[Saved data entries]
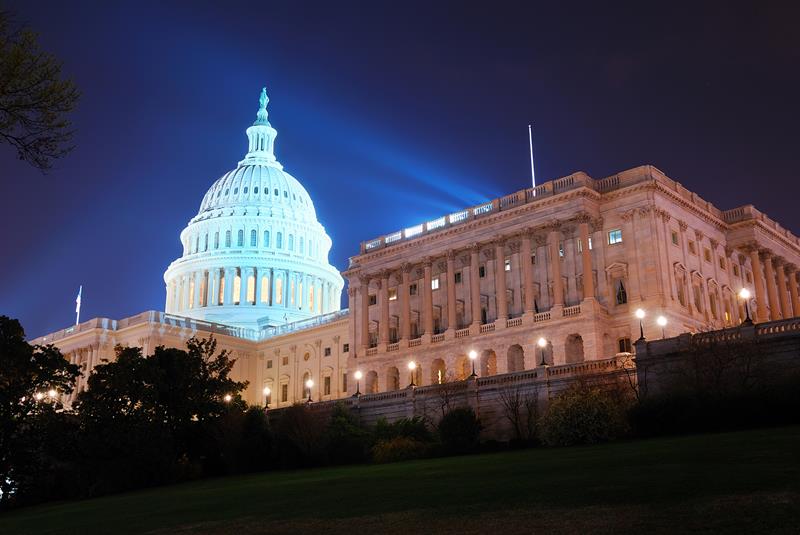 The 10 Cheapest Flights from Seattle Hopper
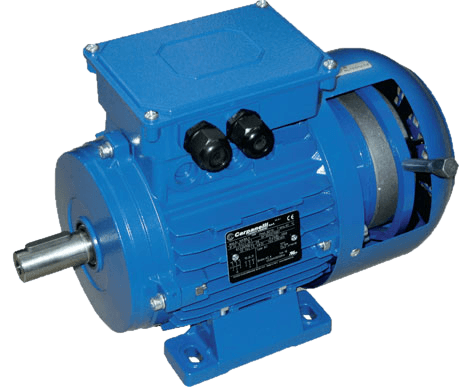 Inverter brake motor.png
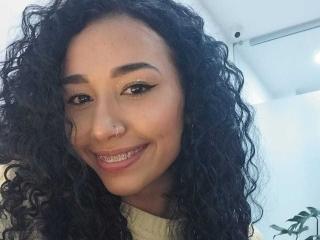 EmmaParkerr - Sexe cam en vivo - 17086466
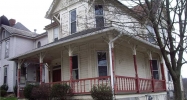 525 Main St Washington, PA 15301 - Image 2414978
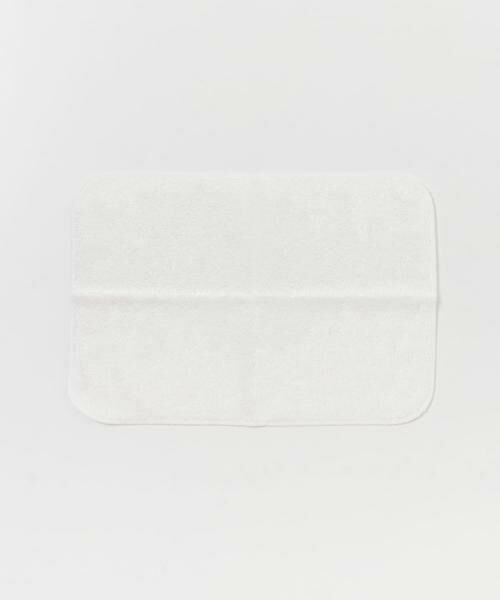 URBAN RESEARCH DOORS / アーバンリサーチ ドアーズ キッチンツール | DOORS LIVING PRODUCTS　パイルレンジクロス | 詳細6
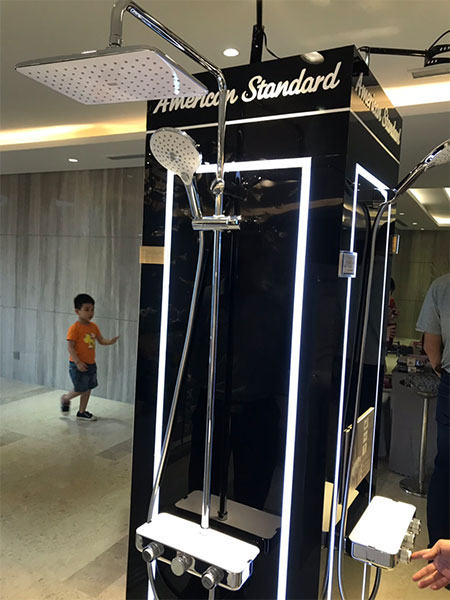 american-standard-wf-4955-minh-hoa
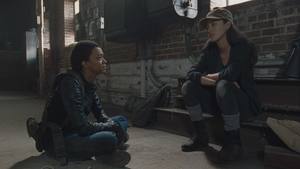 The Walking Dead 7×14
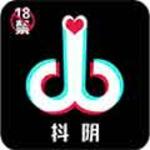 抖阴极速版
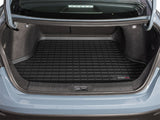 Cargo Liner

THE TASK | Reproduce word for word the lines from the one containing "EmmaParkerr - Sexe cam en vivo - 17086466" through the end of the data, both ends kept. Drop the pictures.

TASK ANSWER |
 EmmaParkerr - Sexe cam en vivo - 17086466
 525 Main St Washington, PA 15301 - Image 2414978
 URBAN RESEARCH DOORS / アーバンリサーチ ドアーズ キッチンツール | DOORS LIVING PRODUCTS　パイルレンジクロス | 詳細6
 american-standard-wf-4955-minh-hoa
 The Walking Dead 7×14
 抖阴极速版
 Cargo Liner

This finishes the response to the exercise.